The wireless information acquisition system according to any one of claims 1 to 5. There are a plurality of the master units,
The plurality of master units are respectively connected to a network time protocol server, obtain a synchronization signal from the network time protocol server, and transmit the inquiry signal based on the synchronization signal. To decide,
The wireless information acquisition system according to any one of claims 1 to 5. The plurality of master units match the transmission timing of the interrogation signal based on the synchronization signal.
The wireless information acquisition system according to claim 6 or 7. When the plurality of master units acquire the synchronization signal, they check the query signal transmission status of other master unit signals, and if they do not detect other master unit transmission signals, transmit their own query signals.

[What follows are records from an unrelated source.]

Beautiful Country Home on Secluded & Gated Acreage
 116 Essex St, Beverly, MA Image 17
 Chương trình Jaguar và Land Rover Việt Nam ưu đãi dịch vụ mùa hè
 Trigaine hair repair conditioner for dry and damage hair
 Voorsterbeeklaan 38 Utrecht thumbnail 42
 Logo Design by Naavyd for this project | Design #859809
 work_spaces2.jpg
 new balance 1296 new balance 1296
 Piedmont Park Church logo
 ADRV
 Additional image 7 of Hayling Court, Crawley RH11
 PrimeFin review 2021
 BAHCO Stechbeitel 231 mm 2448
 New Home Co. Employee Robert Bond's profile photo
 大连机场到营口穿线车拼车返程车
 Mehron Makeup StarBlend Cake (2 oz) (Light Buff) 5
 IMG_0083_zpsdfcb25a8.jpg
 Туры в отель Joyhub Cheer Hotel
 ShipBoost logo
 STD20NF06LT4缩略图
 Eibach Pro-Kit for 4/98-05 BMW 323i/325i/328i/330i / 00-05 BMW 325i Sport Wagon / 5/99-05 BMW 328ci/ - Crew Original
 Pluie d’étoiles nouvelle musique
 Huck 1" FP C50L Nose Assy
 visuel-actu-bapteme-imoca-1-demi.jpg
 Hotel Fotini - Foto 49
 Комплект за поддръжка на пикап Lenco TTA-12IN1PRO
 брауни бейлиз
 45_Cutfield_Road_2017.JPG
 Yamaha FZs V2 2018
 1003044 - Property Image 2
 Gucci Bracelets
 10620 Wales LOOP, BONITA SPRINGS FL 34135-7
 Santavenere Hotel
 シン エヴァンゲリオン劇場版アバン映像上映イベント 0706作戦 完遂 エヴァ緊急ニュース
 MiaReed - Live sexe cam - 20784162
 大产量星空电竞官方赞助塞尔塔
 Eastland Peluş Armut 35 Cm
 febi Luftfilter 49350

The wireless information acquisition system according to any one of claims 6 to 8. A question signal generation unit, which comprises a pulse burst wave composed of a continuous wave of a plurality of pulse waves, and generates a question signal in which unique pulse identification information is superimposed on each pulse wave;
A master unit receiving a signal from the outside including a response signal to the interrogation signal;
A transmission period connects the interrogation signal generator and the antenna, and a reception period connects the master receiver and the antenna, a transmission / reception switching unit,
A master unit for a wireless information acquisition system. It consists of a pulse burst wave consisting of a continuous wave of a plurality of pulse waves, and a slave unit receiving unit for receiving an external signal including an interrogation signal in which unique pulse identification information is superimposed on each pulse wave;
A response signal generating unit for generating a response signal on which at least the slave unit identification information is mounted on the interrogation signal;
A transmission / reception switching unit that switches the slave unit reception unit and the response signal generation unit to connect to the antenna;
A handset controller that determines the transmission timing of the response signal based on the pulse identification information;
A slave unit of the wireless information acquisition system. The slave unit control unit determines the transmission timing of the response signal using the pulse numbers arranged on the time axis in the pulse burst wave, which is the pulse identification information, and the time length of the repetition period of the pulse burst wave ,
The subunit | mobile_unit of the wireless information acquisition system of Claim 11. The slave unit control unit further determines the transmission timing of the response signal using a random number.
The wireless information acquisition system according to claim 12.